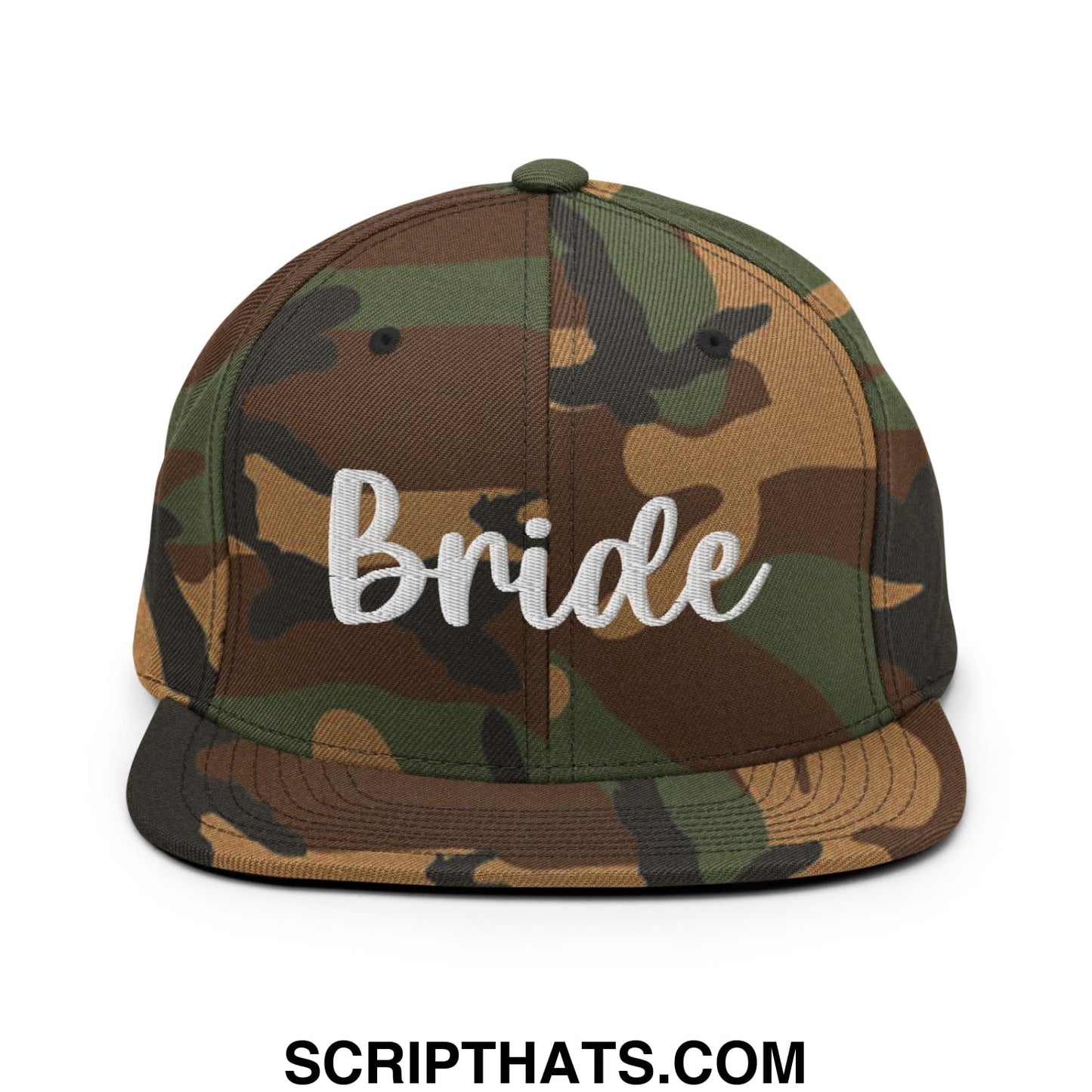 Camouflage flat bill snapback hat with bride embroidered in white script across the front panel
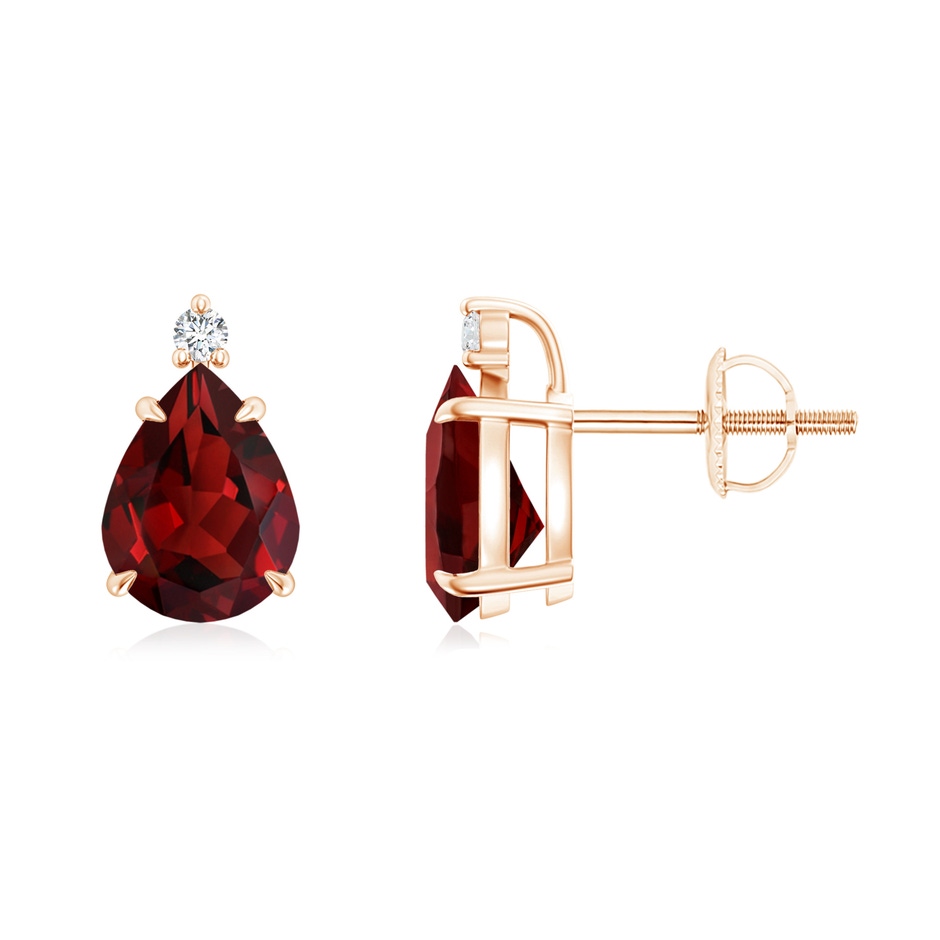 8x6mm AAAA Classic Claw-Set Pear Garnet Solitaire Stud Earrings in Rose Gold 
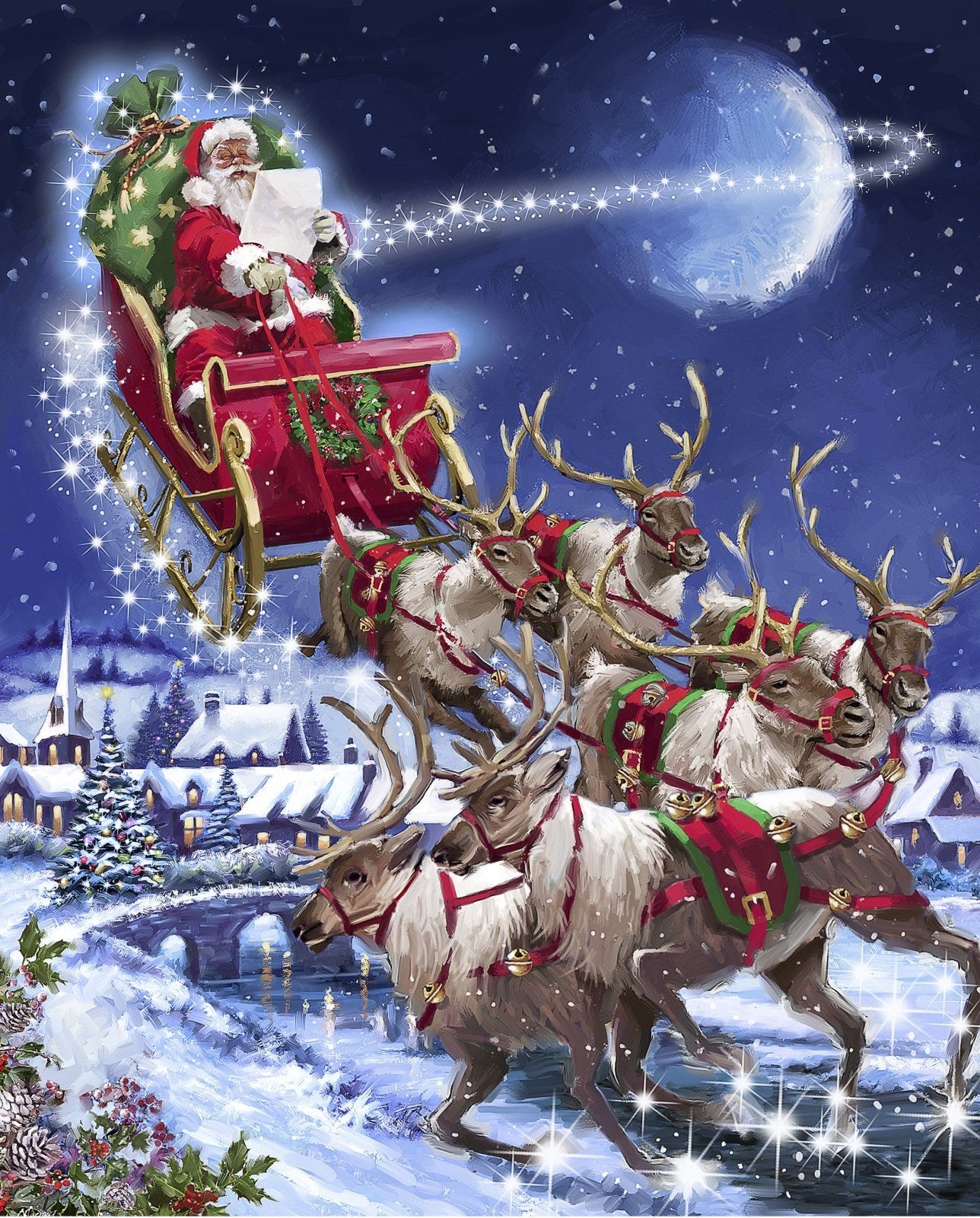 Santa's Sleigh 6180 36 Panel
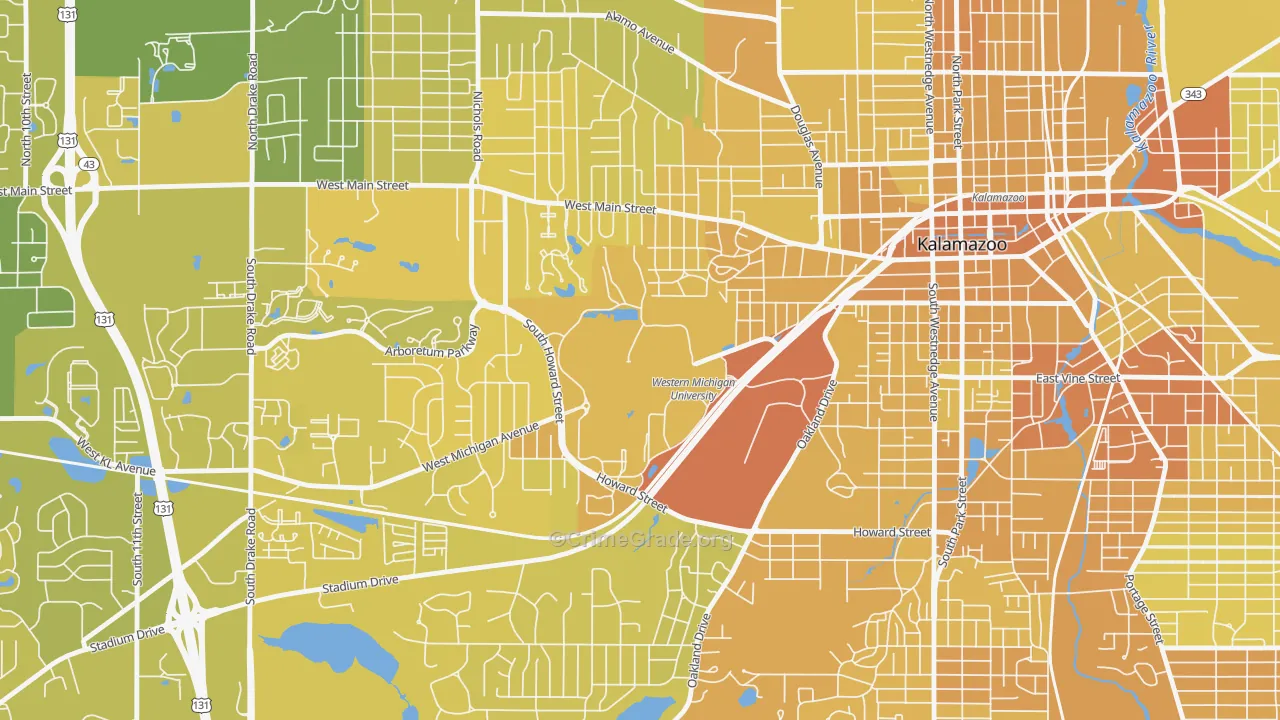 Western Michigan University-KRPH, Kalamazoo, MI Map of Vehicle Theft Rates
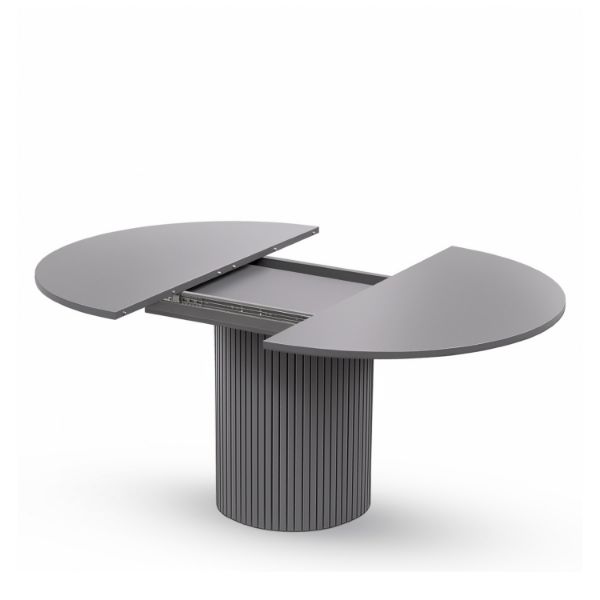 Masa rotunda extensibila 120/160 cm gri Toscana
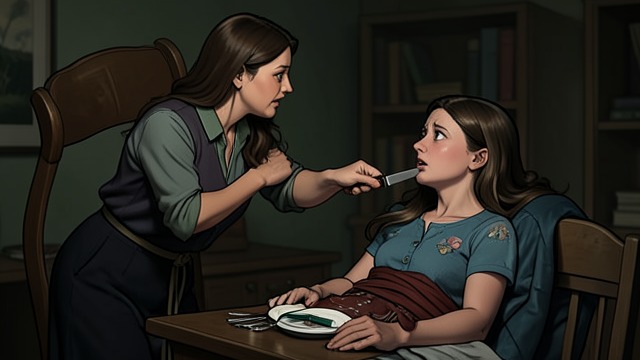 A Knife at the Cellar from "Mothering Sunday". A Knife at the Cellar The threat becomes immediate Miss Frost cuts Sunday’s cheek and says she intends to make her cry before killing her.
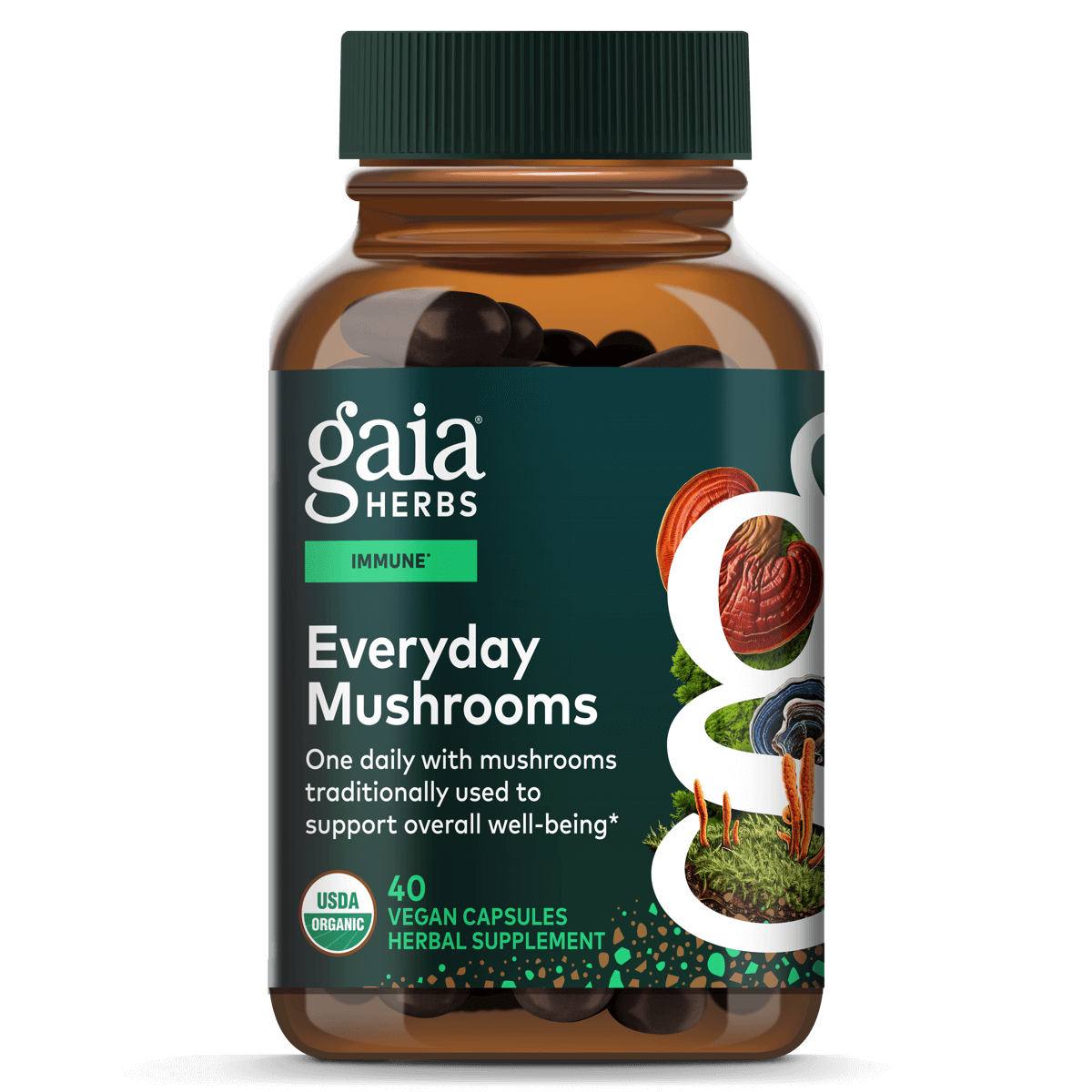 Gaia Herbs Immune Mushroom Blend - 40 ct - front package image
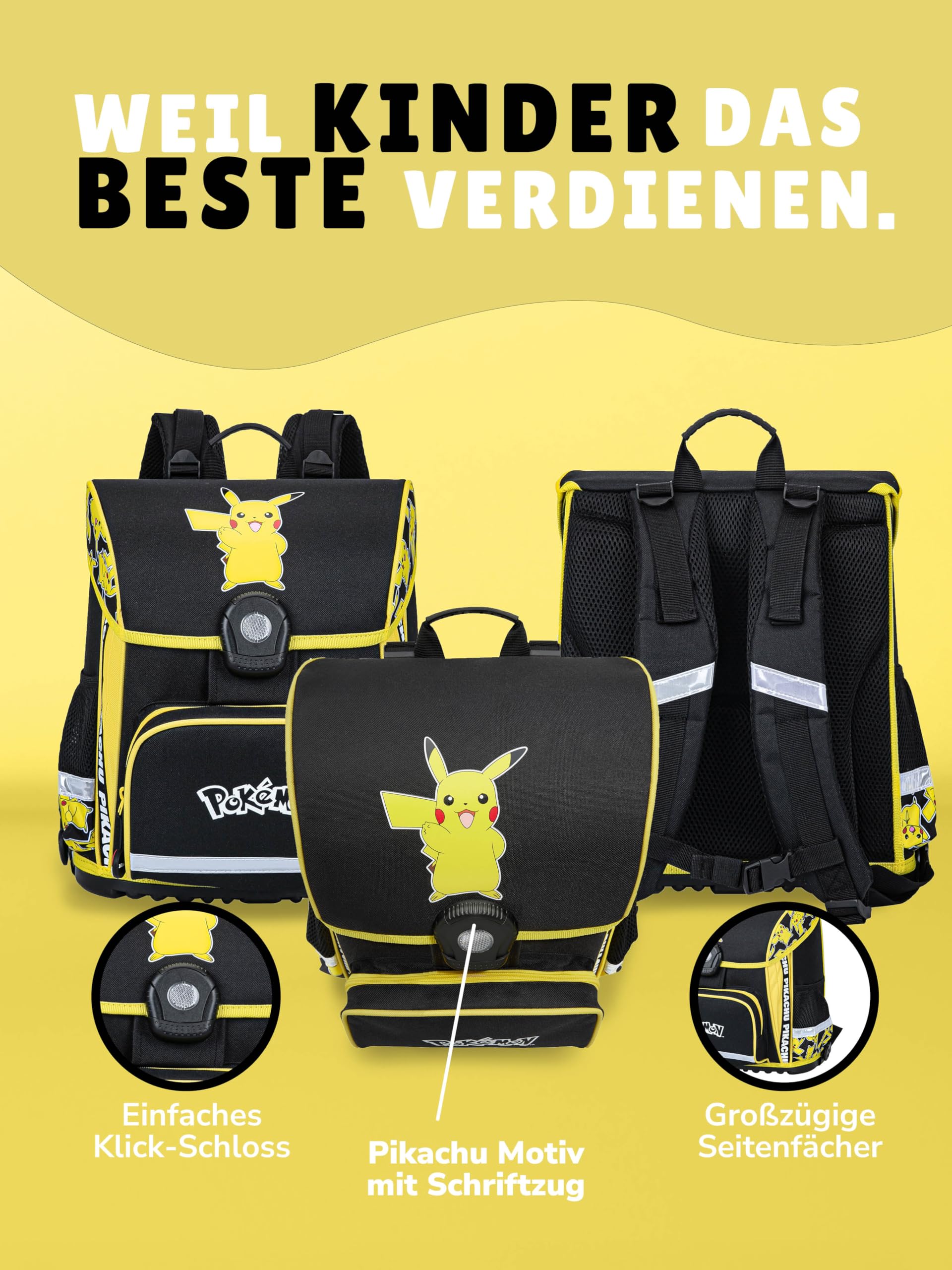 Familando - Schulranzen Set 10-teilig mit Schultüte - Pokémon mit Pikachu Motiv - Ergonomisch, stabil & mit gepolstertem Rücken - 990g leicht, 16L Volumen - Mit Reflektoren - ab 1. Klasse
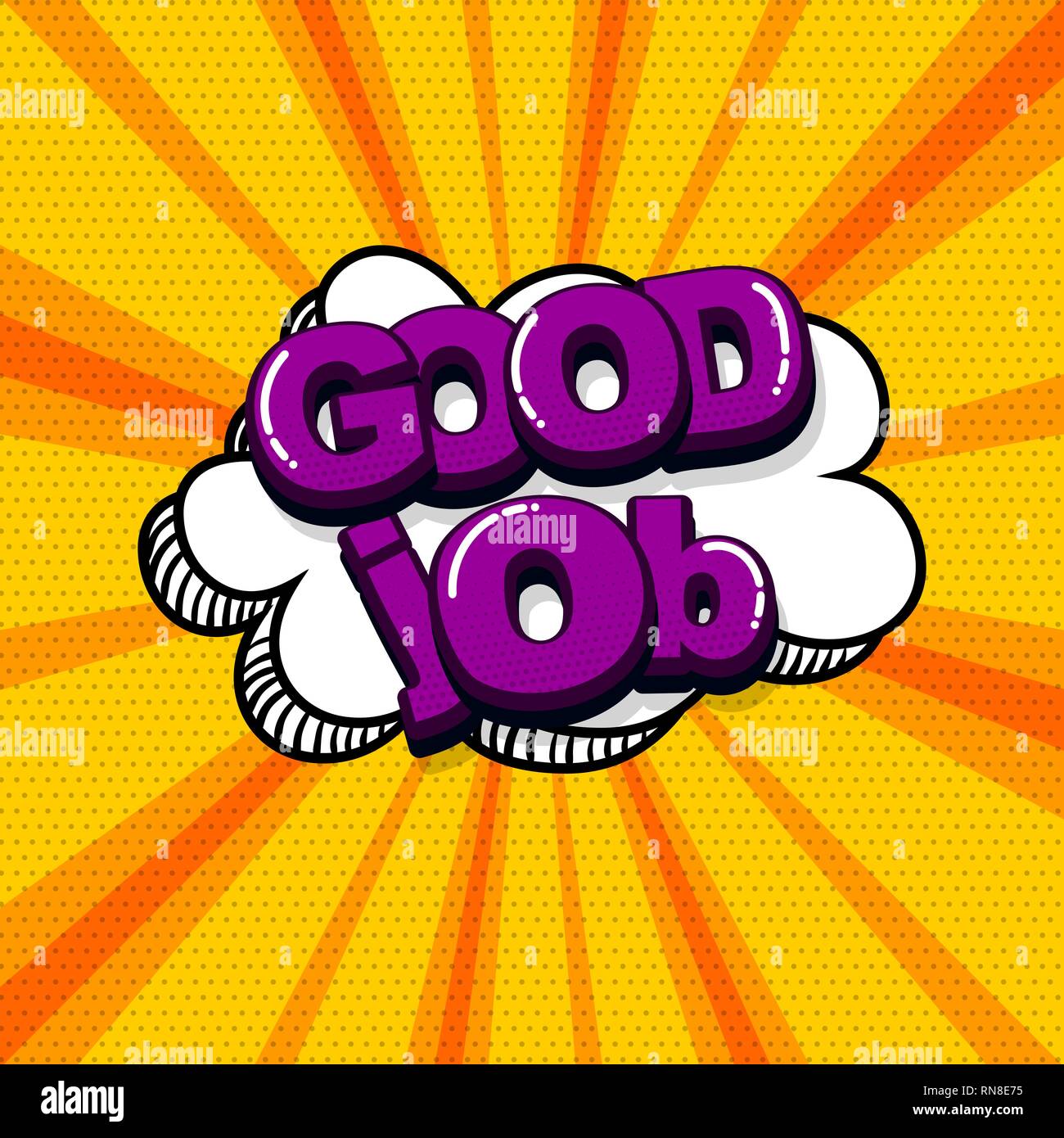 Good Job Work Comic Text Sound Effects Pop Art Style Vector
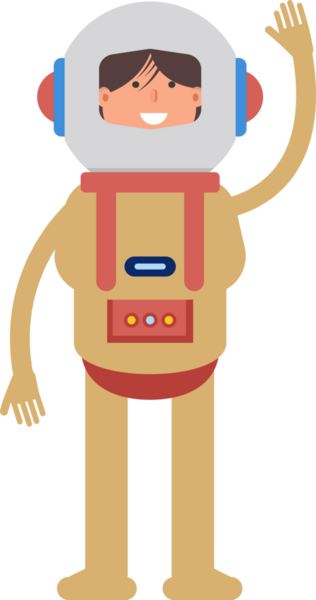 Astronot Karakteri Yükselen El İllüstrasyonu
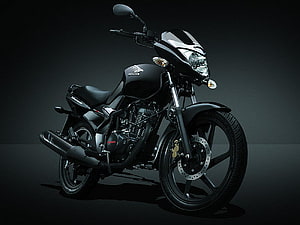 Black Honda CB Unicorn Motorcycle Studio Shot on Dark Background HD wallpaper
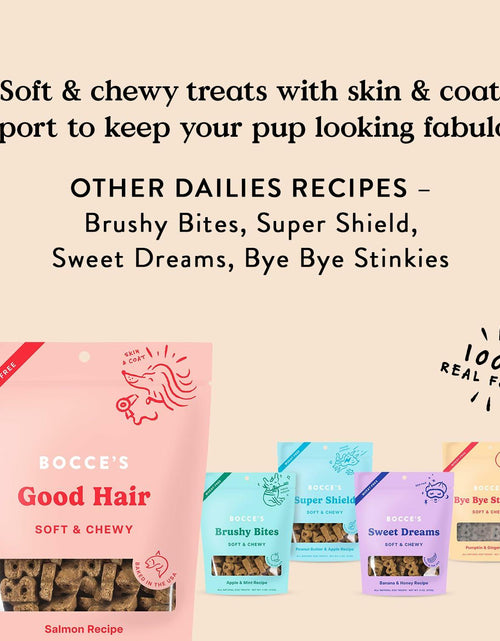 Load image into Gallery viewer, BestBy01/25 Bocce's Bakery Good Hair Dog Treats Salmon 6oz Soft Chewy Wheat-Free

######

WHAT IS REQUIRED — Omit the pictures and output all of the other material exactly.

RESULT —
 Camouflage flat bill snapback hat with bride embroidered in white script across the front panel
 8x6mm AAAA Classic Claw-Set Pear Garnet Solitaire Stud Earrings in Rose Gold 
 Santa's Sleigh 6180 36 Panel
 Western Michigan University-KRPH, Kalamazoo, MI Map of Vehicle Theft Rates
 Masa rotunda extensibila 120/160 cm gri Toscana
 A Knife at the Cellar from "Mothering Sunday". A Knife at the Cellar The threat becomes immediate Miss Frost cuts Sunday’s cheek and says she intends to make her cry before killing her.
 Gaia Herbs Immune Mushroom Blend - 40 ct - front package image
 Familando - Schulranzen Set 10-teilig mit Schultüte - Pokémon mit Pikachu Motiv - Ergonomisch, stabil & mit gepolstertem Rücken - 990g leicht, 16L Volumen - Mit Reflektoren - ab 1. Klasse
 Good Job Work Comic Text Sound Effects Pop Art Style Vector
 Astronot Karakteri Yükselen El İllüstrasyonu
 Black Honda CB Unicorn Motorcycle Studio Shot on Dark Background HD wallpaper
 Load image into Gallery viewer, BestBy01/25 Bocce's Bakery Good Hair Dog Treats Salmon 6oz Soft Chewy Wheat-Free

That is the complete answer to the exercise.